Dataset extract =
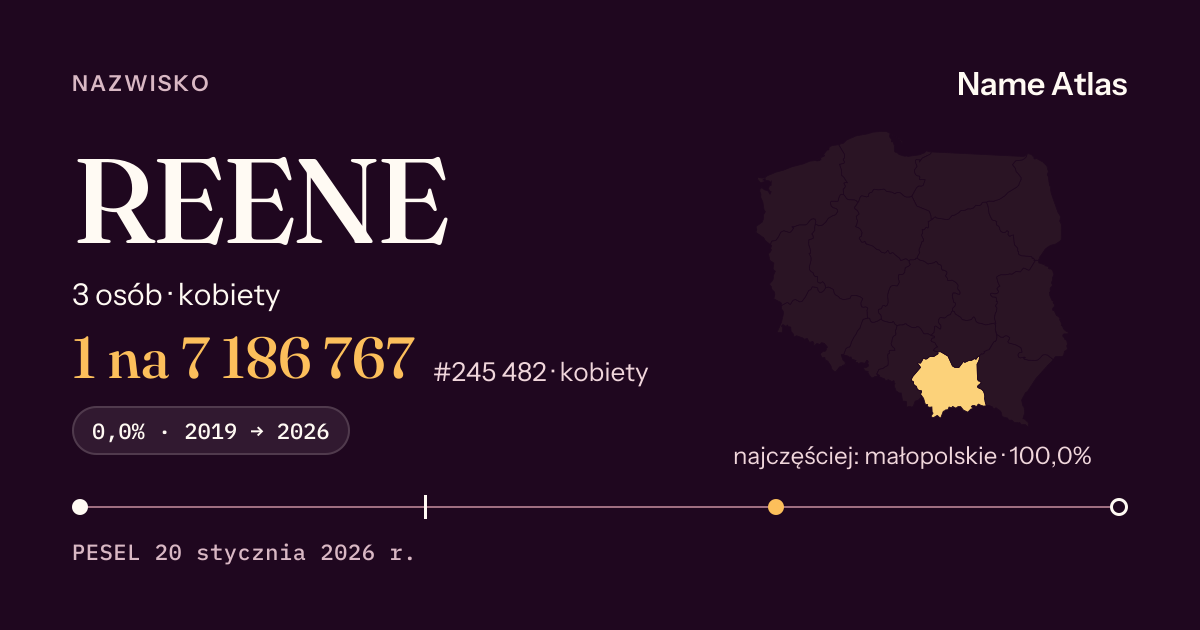Karta nazwiska z liczbami z rejestru PESEL: REENE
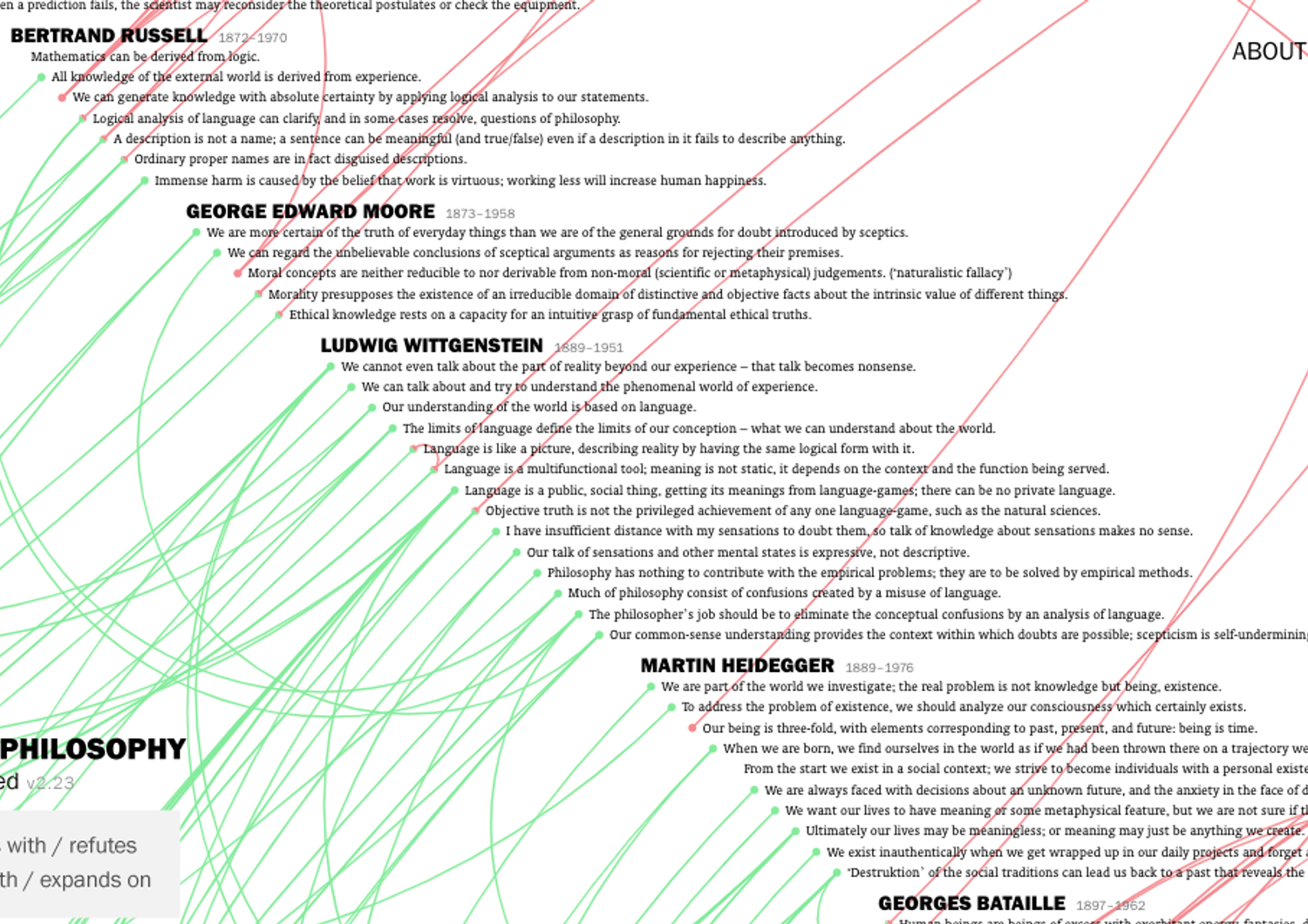 mappa storia filosofia&nbsp;&nbsp;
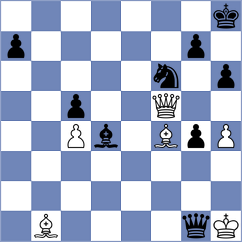 Mirimanian - Karaev (chess.com INT, 2022)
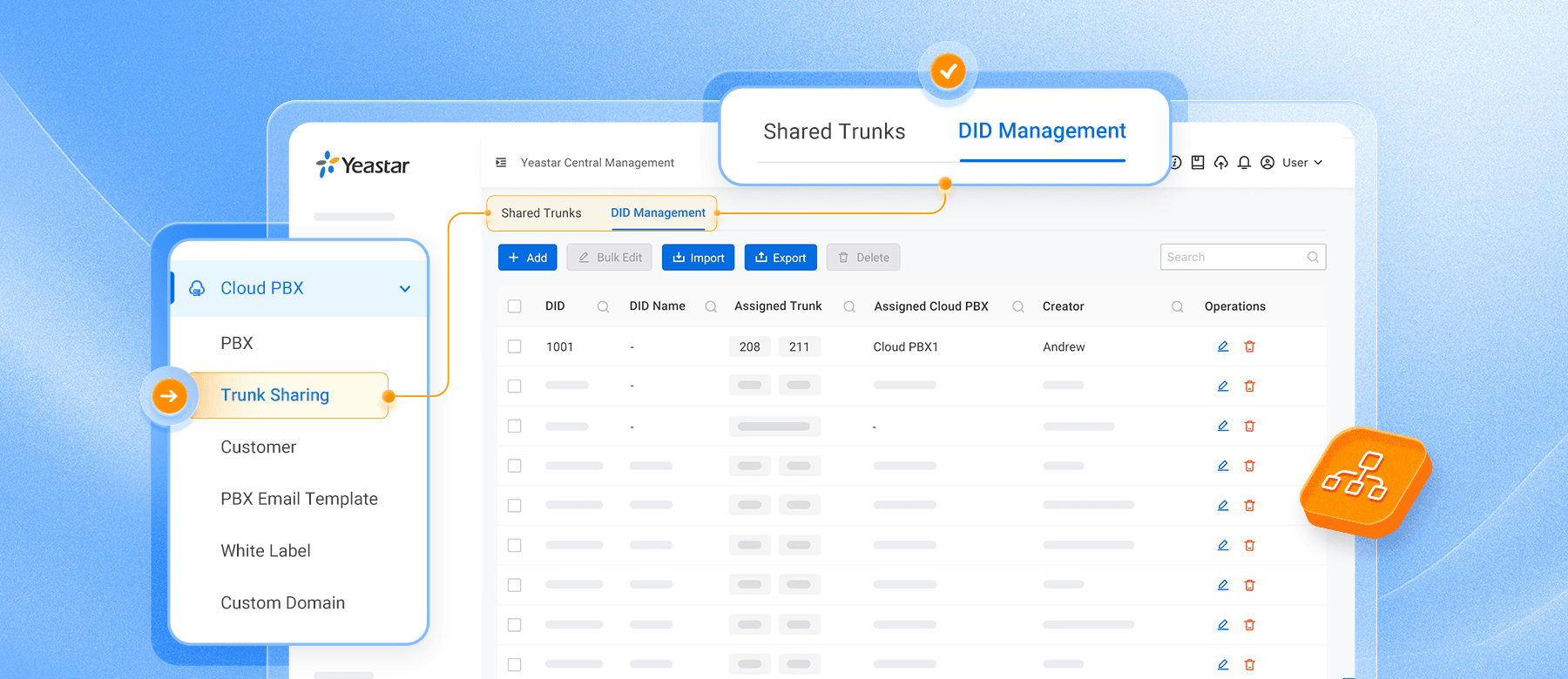 YCM Trunk Sharing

Work required =
Repeat the listing above word for word and leave its images out.

Reply =
Karta nazwiska z liczbami z rejestru PESEL: REENE
 mappa storia filosofia&nbsp;&nbsp;
 Mirimanian - Karaev (chess.com INT, 2022)
 YCM Trunk Sharing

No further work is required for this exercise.